Google’s Highspeed Internet Helps Baseball Fan Throw MLB Pitch From Miles Away [Video]

Google’s Highspeed Internet Helps Baseball Fan Throw MLB Pitch From Miles Away [Video]

13 year old boy pitches the first ball from a different city using a telerobot and Google Fiber.

Daniela Walker
  • 18 june 2013

Nick LeGrande is a 13 years old Kansas City Little Leaguer and a baseball fanatic. He also was recently diagnosed with severe aplastic anemia, a life-threatening disorder that means his bone marrow is no longer reproducing. With a compromised immune system, Nick is no longer allowed to play baseball due to the crowds and threat of infection. But last week, Nick, with the help of of Google Fiber and a telerobot, threw the most important pitch of his life, the ceremonial first pitch at an Oakland A’s – Yankees game, 1,800 miles away.
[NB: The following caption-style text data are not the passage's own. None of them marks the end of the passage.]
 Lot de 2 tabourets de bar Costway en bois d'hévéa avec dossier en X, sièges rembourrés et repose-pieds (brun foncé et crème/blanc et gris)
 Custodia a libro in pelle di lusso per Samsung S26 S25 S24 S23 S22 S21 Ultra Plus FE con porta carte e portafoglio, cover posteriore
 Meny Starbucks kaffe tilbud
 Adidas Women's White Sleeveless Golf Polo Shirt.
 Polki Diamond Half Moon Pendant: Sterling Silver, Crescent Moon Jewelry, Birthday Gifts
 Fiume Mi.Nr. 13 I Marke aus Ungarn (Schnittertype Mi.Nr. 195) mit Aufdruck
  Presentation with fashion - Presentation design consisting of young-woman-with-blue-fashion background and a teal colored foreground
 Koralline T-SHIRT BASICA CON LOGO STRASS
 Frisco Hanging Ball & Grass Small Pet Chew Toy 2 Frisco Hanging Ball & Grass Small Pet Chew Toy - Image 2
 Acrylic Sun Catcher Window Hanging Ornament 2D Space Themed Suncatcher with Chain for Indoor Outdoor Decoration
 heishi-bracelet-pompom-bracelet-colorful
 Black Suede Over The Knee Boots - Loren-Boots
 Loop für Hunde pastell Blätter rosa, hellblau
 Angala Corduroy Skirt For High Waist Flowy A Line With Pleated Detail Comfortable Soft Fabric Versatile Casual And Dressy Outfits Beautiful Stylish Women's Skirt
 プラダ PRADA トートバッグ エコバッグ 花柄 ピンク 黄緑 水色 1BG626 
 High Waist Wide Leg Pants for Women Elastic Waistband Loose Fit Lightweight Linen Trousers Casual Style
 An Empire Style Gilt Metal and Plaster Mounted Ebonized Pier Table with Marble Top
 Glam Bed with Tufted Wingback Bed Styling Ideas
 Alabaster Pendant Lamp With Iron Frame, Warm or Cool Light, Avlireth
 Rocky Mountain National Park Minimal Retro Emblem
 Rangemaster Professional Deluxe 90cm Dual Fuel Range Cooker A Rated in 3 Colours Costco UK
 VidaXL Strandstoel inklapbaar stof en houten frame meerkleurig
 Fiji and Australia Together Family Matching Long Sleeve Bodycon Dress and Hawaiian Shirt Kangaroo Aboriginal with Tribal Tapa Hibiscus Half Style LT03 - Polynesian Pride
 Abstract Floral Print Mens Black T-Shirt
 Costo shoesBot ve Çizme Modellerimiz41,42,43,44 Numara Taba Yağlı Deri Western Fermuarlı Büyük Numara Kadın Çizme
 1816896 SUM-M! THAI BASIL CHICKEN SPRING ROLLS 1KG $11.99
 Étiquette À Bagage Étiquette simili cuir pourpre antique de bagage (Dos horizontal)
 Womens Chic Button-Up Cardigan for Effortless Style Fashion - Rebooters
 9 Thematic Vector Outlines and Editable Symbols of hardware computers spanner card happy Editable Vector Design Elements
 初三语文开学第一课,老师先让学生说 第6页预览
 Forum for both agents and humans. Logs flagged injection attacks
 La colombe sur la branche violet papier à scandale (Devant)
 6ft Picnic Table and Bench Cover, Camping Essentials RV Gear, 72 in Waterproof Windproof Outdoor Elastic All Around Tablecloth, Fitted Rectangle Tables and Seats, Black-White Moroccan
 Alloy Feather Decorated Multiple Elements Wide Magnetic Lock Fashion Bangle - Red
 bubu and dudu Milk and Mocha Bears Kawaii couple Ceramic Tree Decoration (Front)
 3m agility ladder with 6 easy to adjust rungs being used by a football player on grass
Kansas City is the home base of Fiber, the tech company’s incredibly fast internet provider (100 x faster than other ISPs). On a hunt to prove how their service can ‘help lives,’ the Google team ended up at the Children’s Mercy Hospital, where they met Nick and heard his story. The company built a small replica version of a baseball diamond at the Fiber HQ and equipped it with motion sensor cameras and a screen. From there, Nick would throw the first telerobotic pitch in Major League Baseball history.


His motions were captured by the camera and transmitted to the bot via Fiber, and the robotic arm then replicated Nick’s first pitch to a standing ovation from the crowd. It was a touching moment where technology and humanity came together to make a little boy feel better.